[[ Provided material, beginning ]]

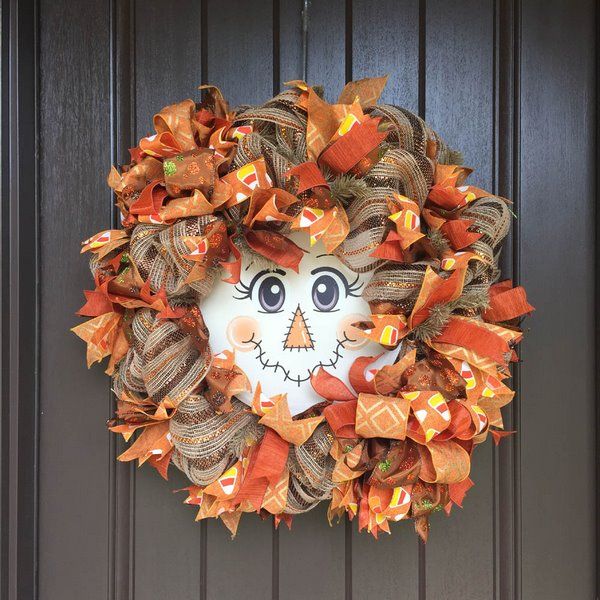 cute scarecrow face wreath for thanksgiving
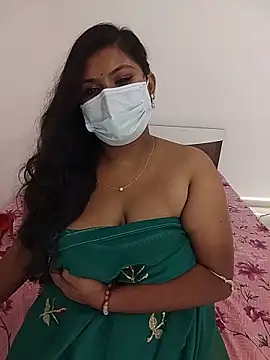 Snapshot of Cutee_Amrita chatting on 06.08.26 Cutee Amrita online show from 06.08.26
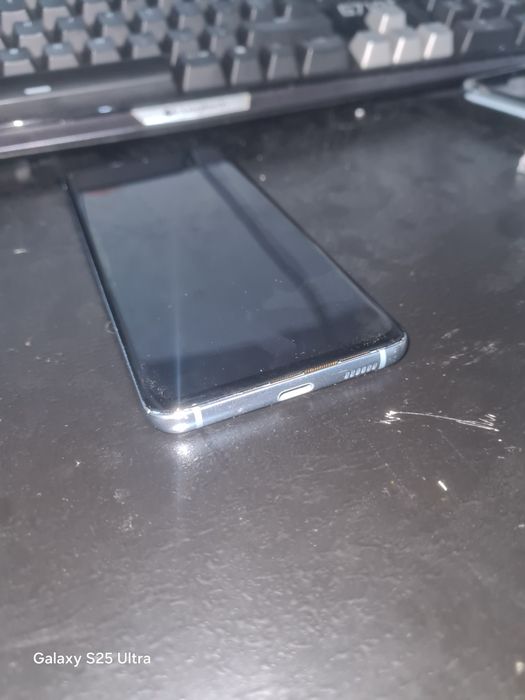 Vendo ecra com carcaça de Samsung S20 partido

[[ Provided material, end ]]

Task to complete:
An exact copy of all the lines above is required, with the pictures removed.

Solution to the exercise:
 cute scarecrow face wreath for thanksgiving
 Snapshot of Cutee_Amrita chatting on 06.08.26 Cutee Amrita online show from 06.08.26
 Vendo ecra com carcaça de Samsung S20 partido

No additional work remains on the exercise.